*Task directions:* Once you find the line below that has "Hotel Dellis 카메나불라 외부 사진", output it and every line after it exactly, stopping after the line that has "4 Bed Terraced", with no pictures.

*Source information:*

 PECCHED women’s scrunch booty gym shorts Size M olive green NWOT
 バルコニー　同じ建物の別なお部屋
==
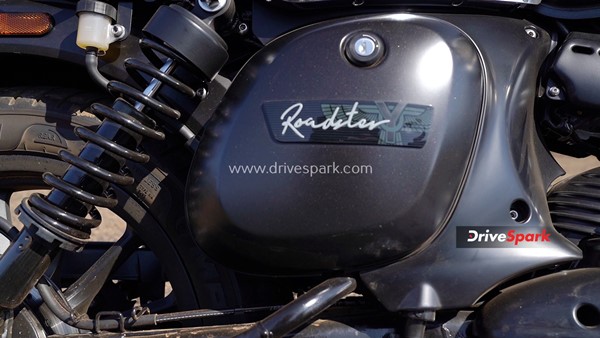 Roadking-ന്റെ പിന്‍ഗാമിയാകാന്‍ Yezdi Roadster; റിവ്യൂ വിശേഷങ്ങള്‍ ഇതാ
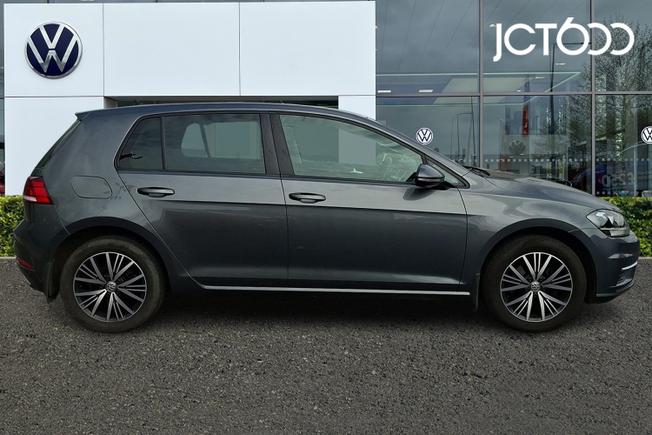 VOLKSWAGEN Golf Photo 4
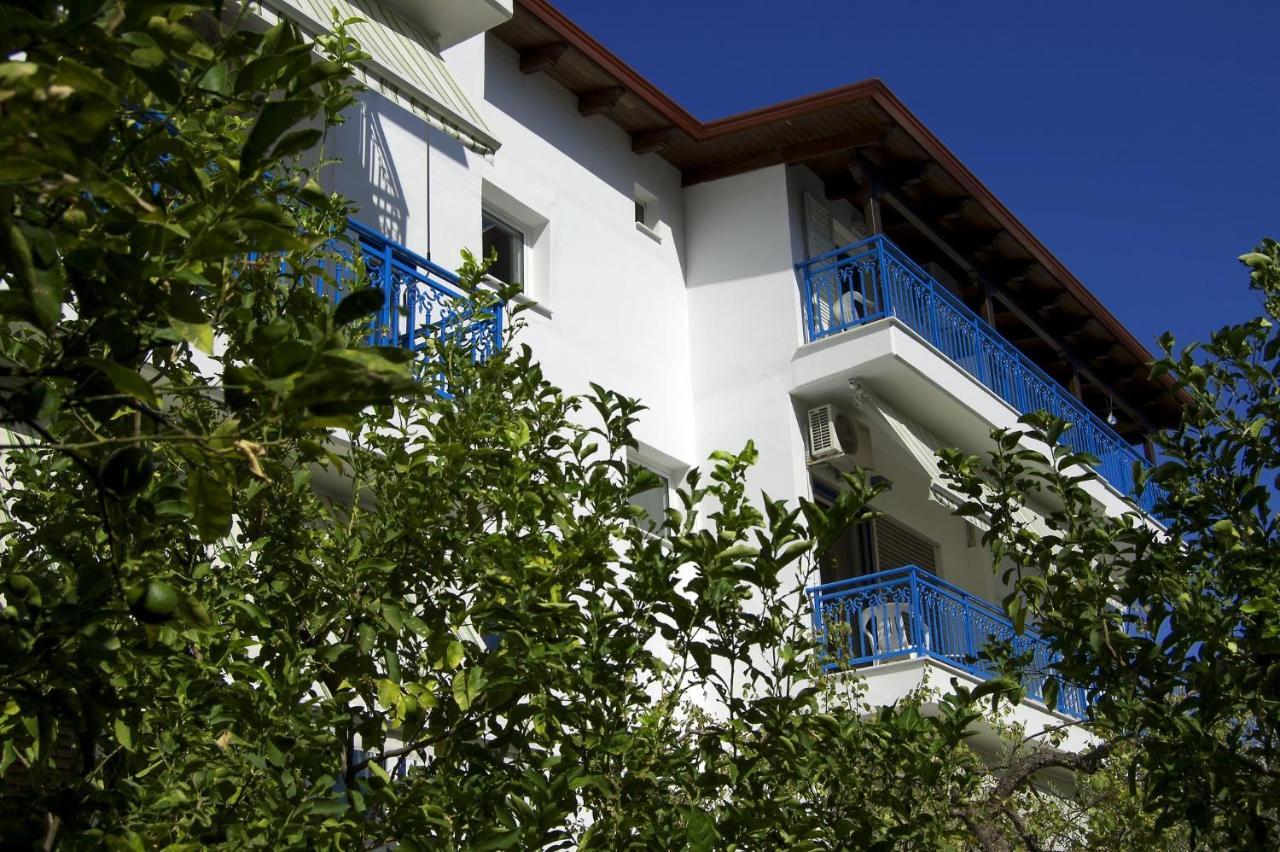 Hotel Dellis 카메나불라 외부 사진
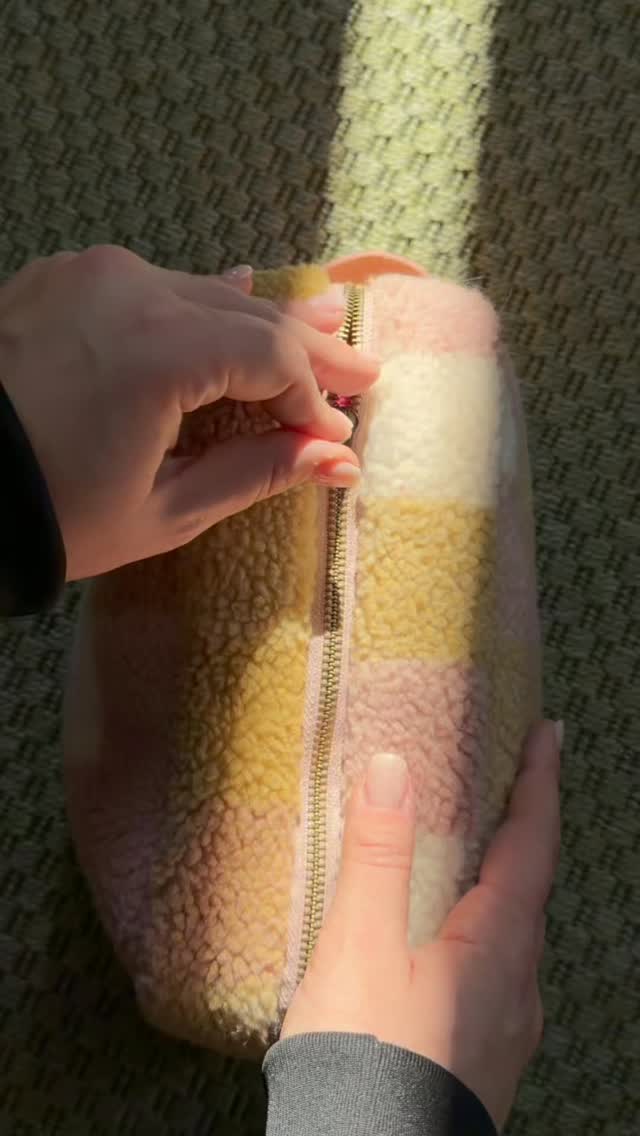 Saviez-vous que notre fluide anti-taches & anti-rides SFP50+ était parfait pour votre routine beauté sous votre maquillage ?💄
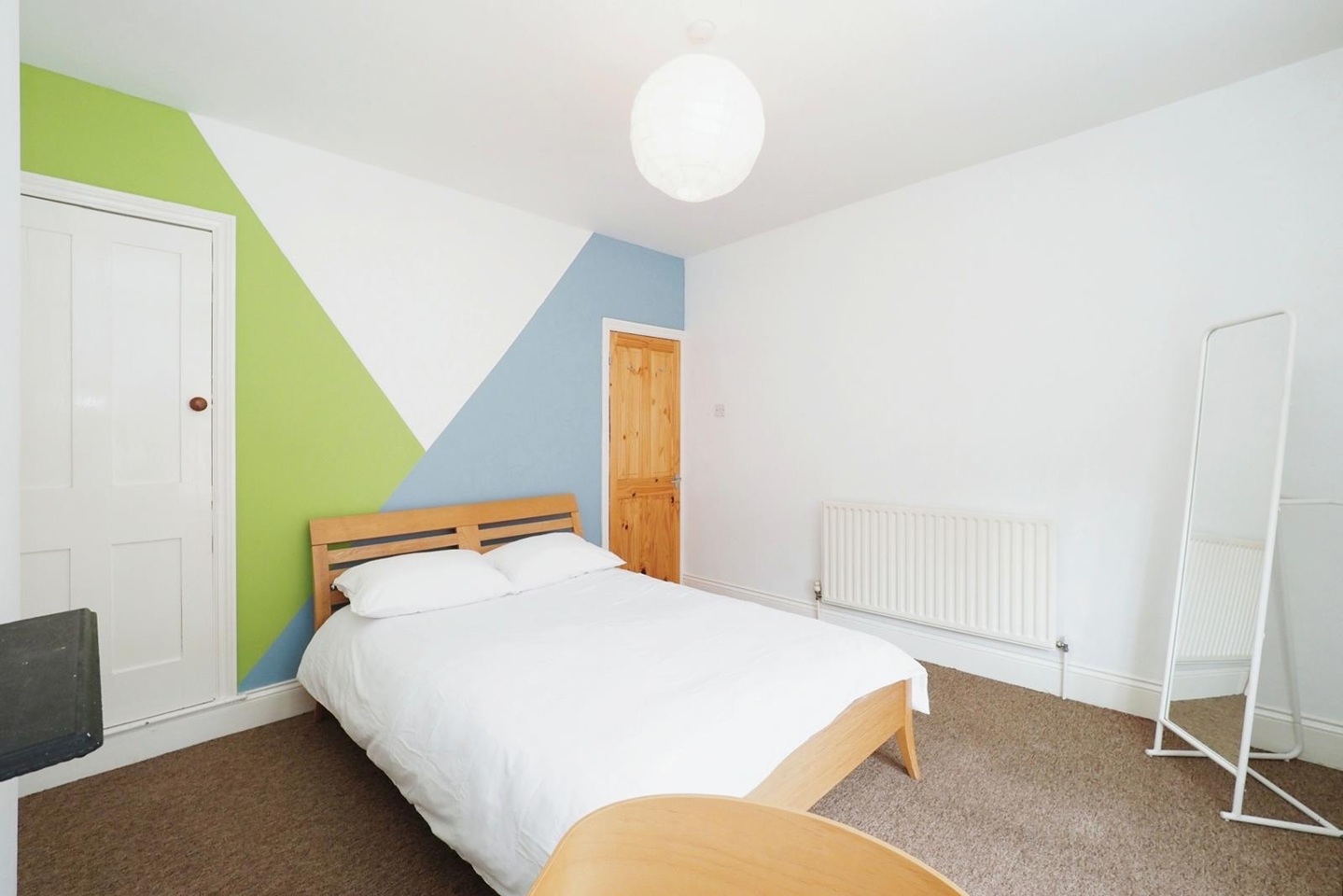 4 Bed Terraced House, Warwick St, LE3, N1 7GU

*Solution:*
 Hotel Dellis 카메나불라 외부 사진
 Saviez-vous que notre fluide anti-taches & anti-rides SFP50+ était parfait pour votre routine beauté sous votre maquillage ?💄
 4 Bed Terraced House, Warwick St, LE3, N1 7GU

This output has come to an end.